(Beginning of DATASET CONTENT)

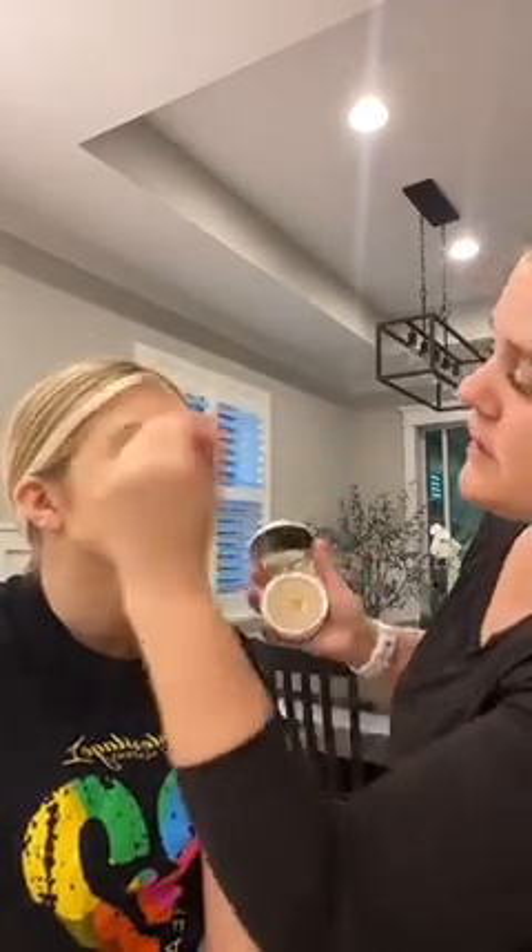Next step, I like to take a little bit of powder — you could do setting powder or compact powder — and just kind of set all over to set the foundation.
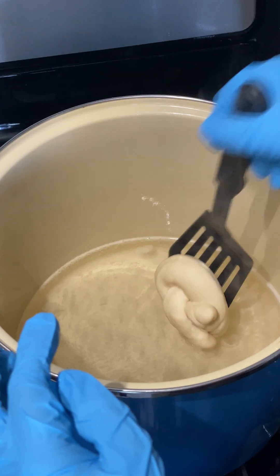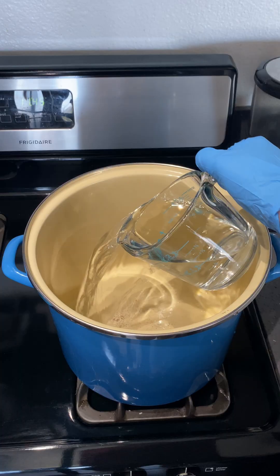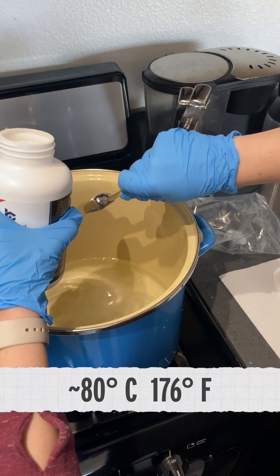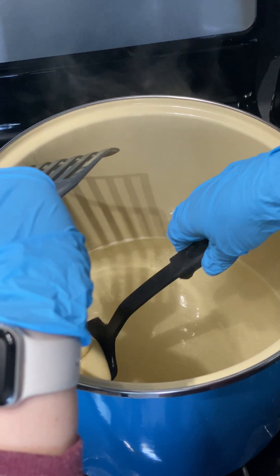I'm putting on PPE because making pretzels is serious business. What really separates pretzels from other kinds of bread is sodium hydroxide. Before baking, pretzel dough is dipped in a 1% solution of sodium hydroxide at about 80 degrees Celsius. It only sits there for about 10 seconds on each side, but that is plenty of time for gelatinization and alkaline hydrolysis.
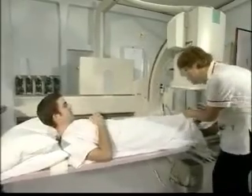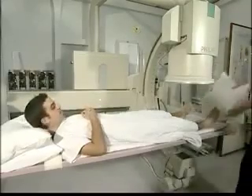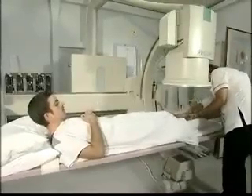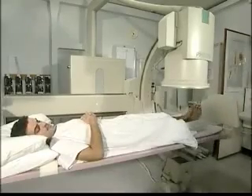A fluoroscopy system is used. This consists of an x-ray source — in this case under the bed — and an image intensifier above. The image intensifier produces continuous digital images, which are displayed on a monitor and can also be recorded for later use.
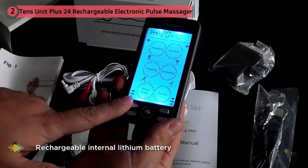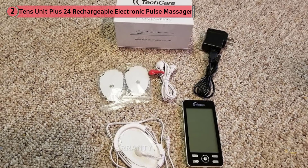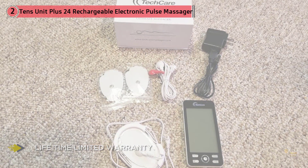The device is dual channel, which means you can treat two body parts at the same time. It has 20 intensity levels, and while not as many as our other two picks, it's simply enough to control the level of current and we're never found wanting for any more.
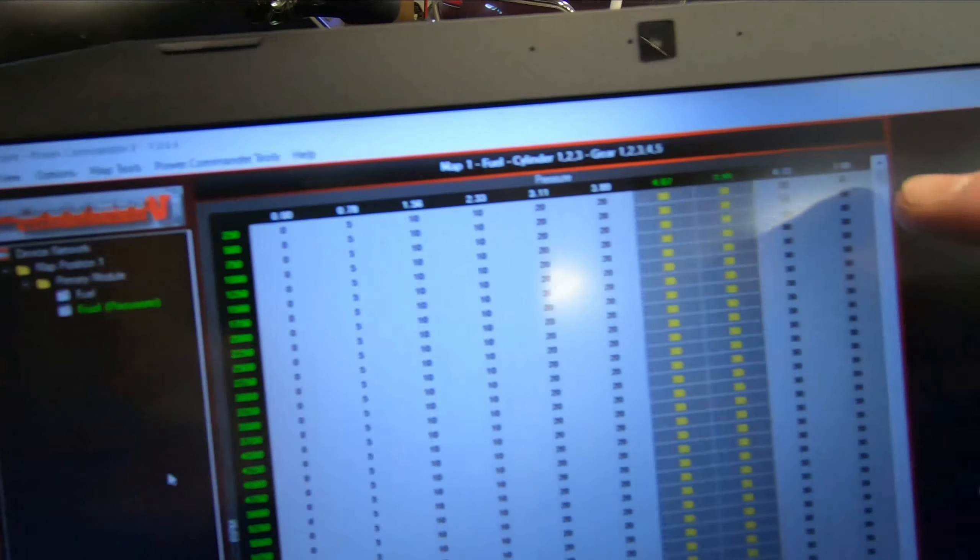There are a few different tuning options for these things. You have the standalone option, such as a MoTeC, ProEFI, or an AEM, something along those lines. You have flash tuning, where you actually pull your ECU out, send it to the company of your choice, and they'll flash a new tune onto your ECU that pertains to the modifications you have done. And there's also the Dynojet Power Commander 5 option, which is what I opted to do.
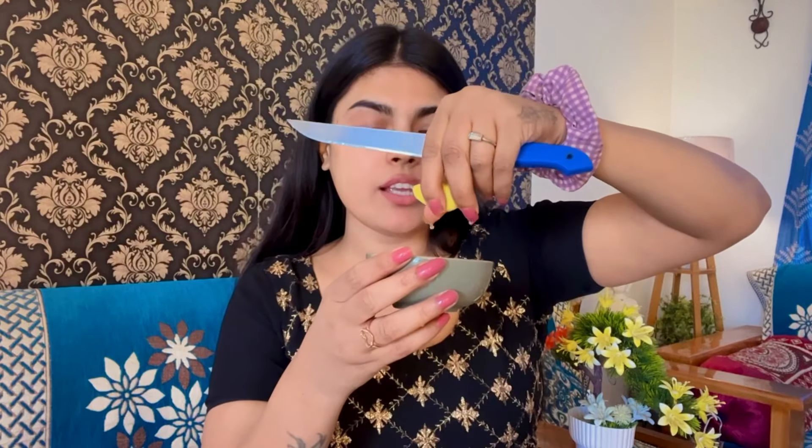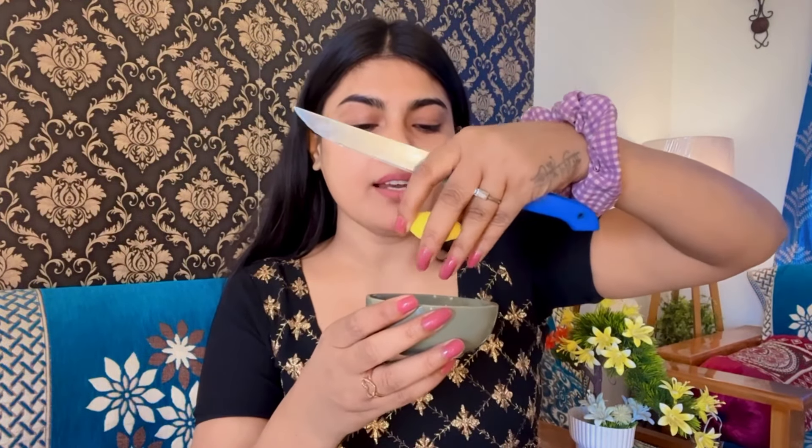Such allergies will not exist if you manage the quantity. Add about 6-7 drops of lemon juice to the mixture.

(End of DATASET CONTENT)

* **EXERCISE**:
Output exactly, and with no pictures, the lines from the line that holds "The device is" through the last line of the listing above.

* **WRITTEN ANSWER**:
The device is dual channel, which means you can treat two body parts at the same time. It has 20 intensity levels, and while not as many as our other two picks, it's simply enough to control the level of current and we're never found wanting for any more.
There are a few different tuning options for these things. You have the standalone option, such as a MoTeC, ProEFI, or an AEM, something along those lines. You have flash tuning, where you actually pull your ECU out, send it to the company of your choice, and they'll flash a new tune onto your ECU that pertains to the modifications you have done. And there's also the Dynojet Power Commander 5 option, which is what I opted to do.
Such allergies will not exist if you manage the quantity. Add about 6-7 drops of lemon juice to the mixture.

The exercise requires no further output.